March 22nd: Baselworld was barely off the starting blocks and already Instagram was awash with shots of the Tudor Black Bay Chrono, putting other launches in the shade on social media. Discussions raged over its vintage design, snowflake hands, screw-down pushers, rivet strap or date window at 6 o’clock; a combination not always to the liking of purists, who keep their eye firmly on the brand’s historic models. More surprising, however, is that these verbal jousts mentioned nothing of the movement. Why should they, one might ask, since Tudor has been producing its own calibres for the past two years and fitting them in its flagship models?

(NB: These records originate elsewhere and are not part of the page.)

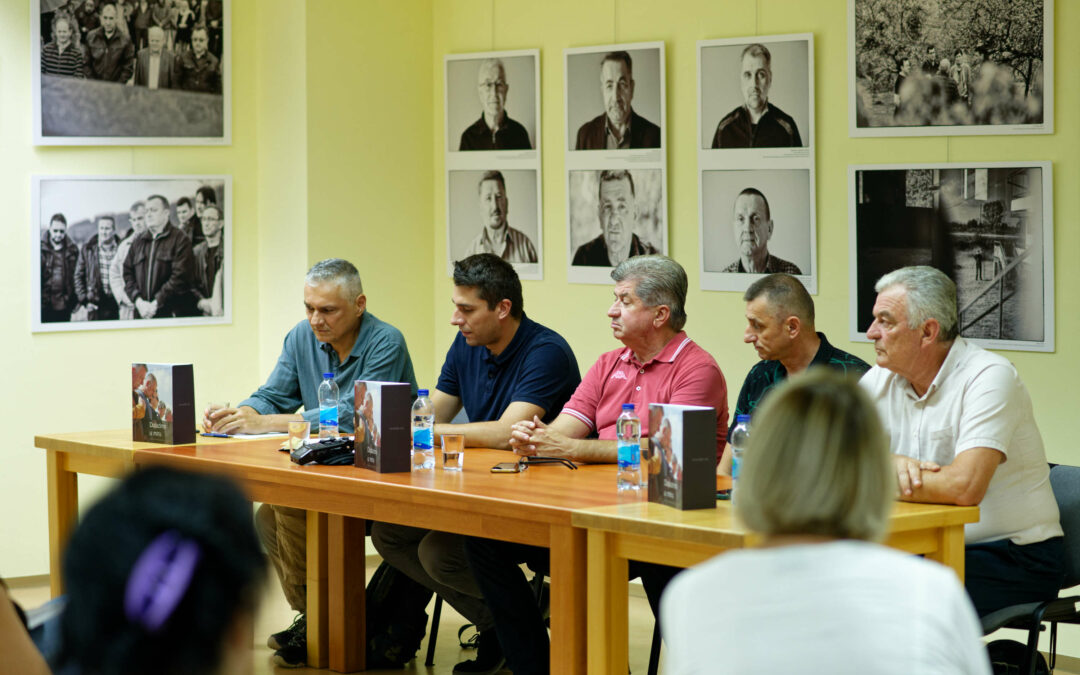 U Brčkom održana promocija knjige “Dolazimo u miru” i otvorena izložba fotografija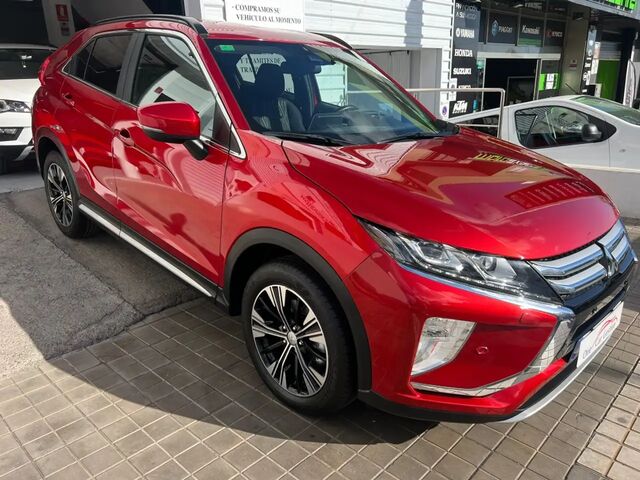 Мицубиси Eclipse Cross 2019 в Европе на Automoto.ua Красный Мицубиси Eclipse Cross, объемом двигателя 1.5 л и пробегом 91 тыс. км за 17995 $, фото 2 на Automoto.ua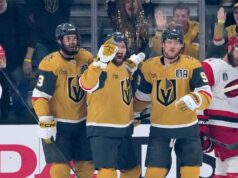 A linha principal dos Golden Knights precisa começar a dirigir o ônibus para acompanhar os furacões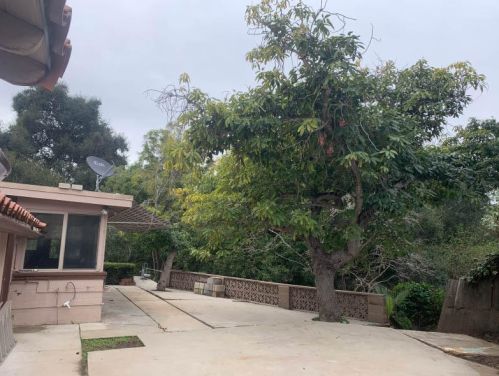 3735 Essex St, Santa Barbara, CA 93105-2420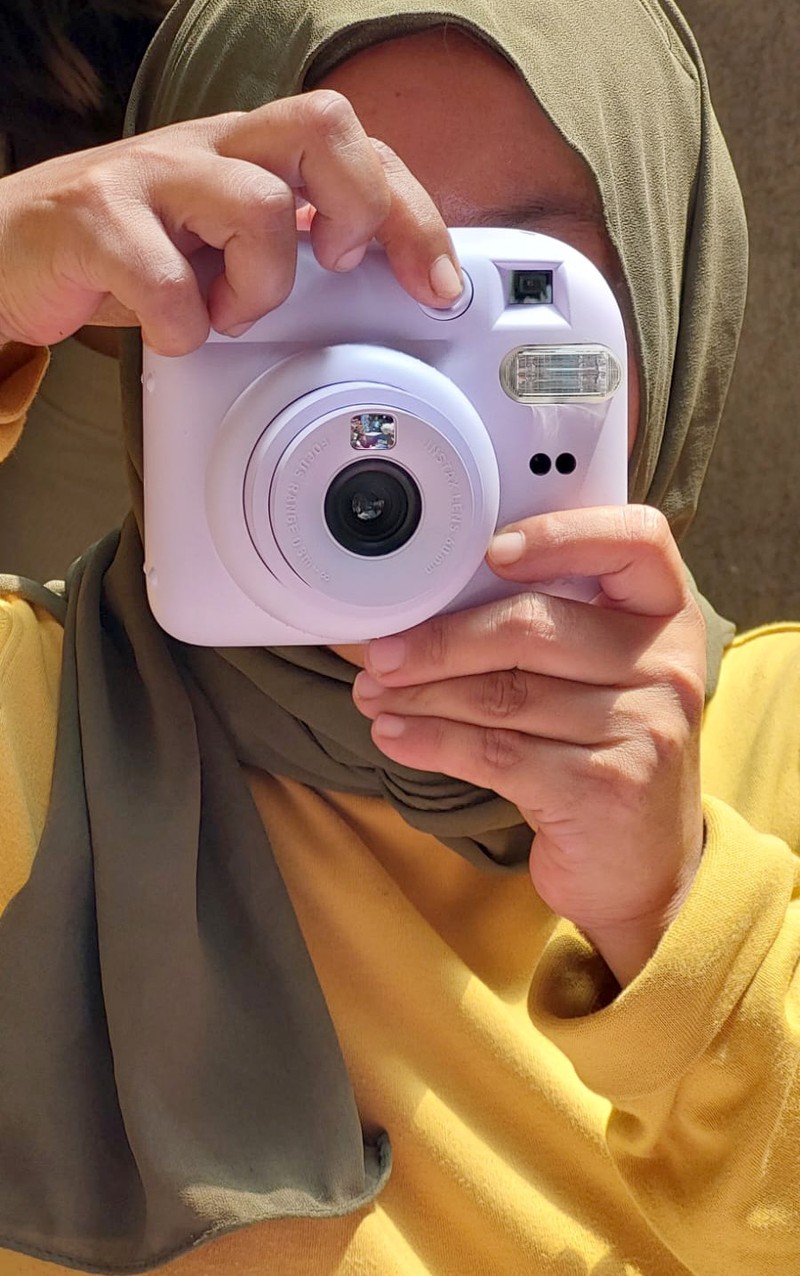 Fujifilm Indonesia mengenalkan produk anyar Instax mini 12. Model entry terbaru dari kamera instan ini memudahkan pengguna menikmati proses mencetak foto on-the-spot.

For the simple reason that the MT5813 movement in this particular Black Bay is made not by Tudor, but by Breitling.
The template for the MT5813 is Breitling’s famed B01 chronograph calibre, its first fully in-house movement and testimony to efforts the brand has made to upgrade its offering and assert its independence. Not that the movement supplied to Tudor is a carbon copy of the original; Breitling has modified the chronograph registers and made changes to the regulator, with silicon balance spring, in addition to finishes that are specific to Tudor. Performance-wise, this COSC-certified movement delivers 70 hours of power reserve via a bidirectional oscillating weight.

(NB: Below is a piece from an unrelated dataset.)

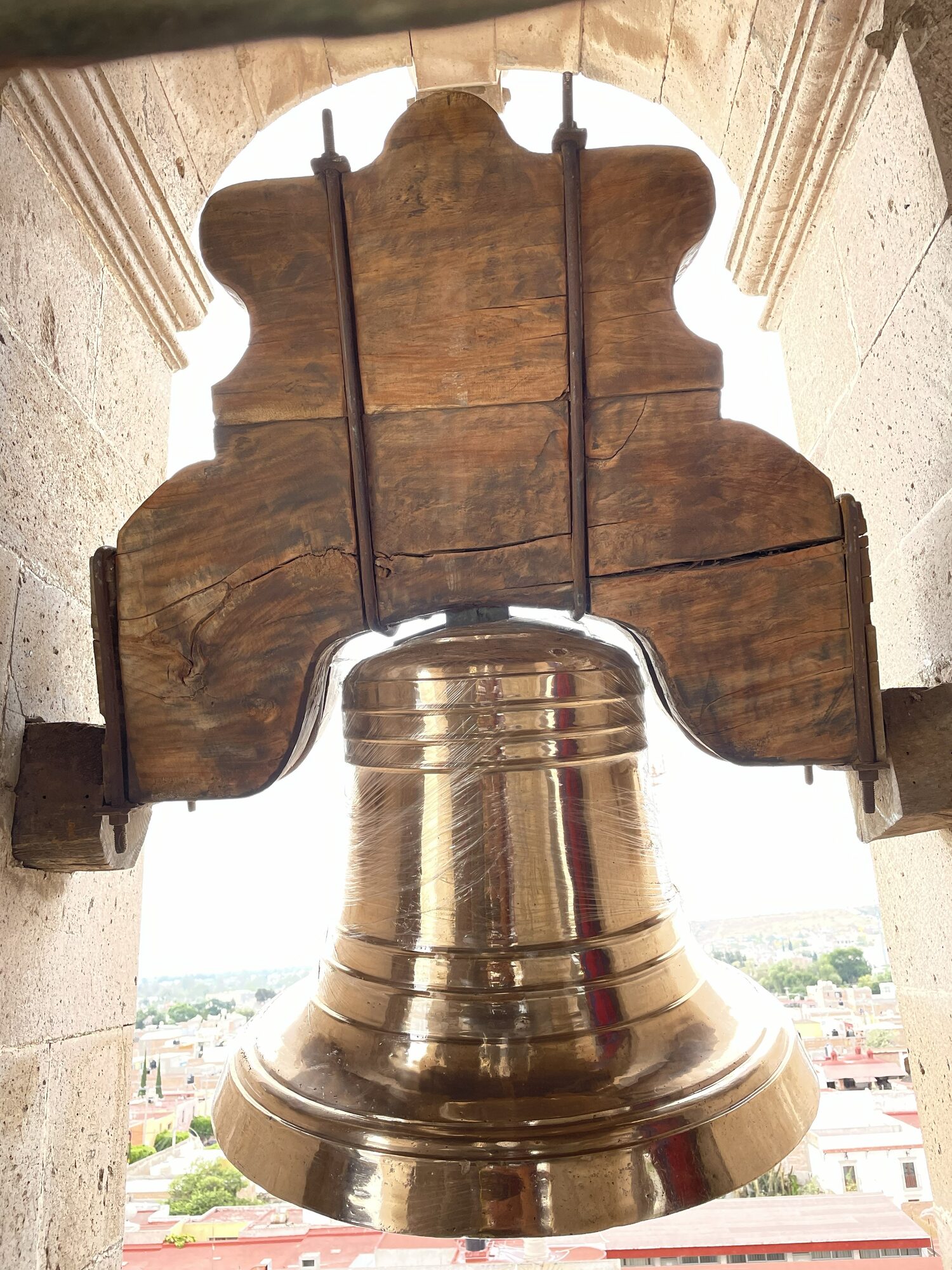 Campana de bronce instalada en un campanario — CampanArte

Quality at an affordable price
Thanks to this partnership, Tudor is offering a chrono with date function that is water-resistant to 200 metres at a highly competitive CHF 4,800. And because one good turn deserves another, Tudor is returning the favour: Breitling can now count on Tudor to equip the 42mm and 46mm versions of its new Superocean Heritage II with a B20 movement, a derivative of Tudor’s MT5612. “It’s a positive move for Breitling in terms of image. Also, we’ll be able to propose watches with in-house movements at very attractive prices,” commented Breitling CEO Jean-Paul Girardin. Indeed, the entry level for this collection with its “joint in-house” movement comes in at around CHF 3,900.

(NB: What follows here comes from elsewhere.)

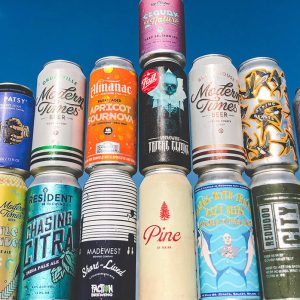 foto de várias latinhas uma em cima da outra para bottle share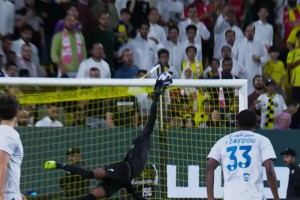 法拉利老了也還是法拉利！慢鏡頭欣賞C羅精彩世界波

It’s been years since two of the industry’s big names have shared their competencies this way; in this instance swapping a three-hand, instantaneous date movement for a chronograph calibre. Both partners thus benefit from a top-performing, tried-and-tested movement rather than spending millions to reinvent the wheel. In a not so distant past, it was still possible to admire a Zenith movement inside a Rolex, or a Jaeger-LeCoultre calibre inside an Audemars Piguet, not to mention joint ventures such as the one that Heuer, Dubois Depraz, Breitling and Hamilton-Büren set up to develop a reliable automatic chronograph. Through their “alliance”, Tudor and Breitling have presented an intelligent answer to the new state of play in a market that expects quality but is reluctant to pay soaring prices. By favouring complementariness over out-and-out competition, they could be paving the way for other manufacturers. Who’s next?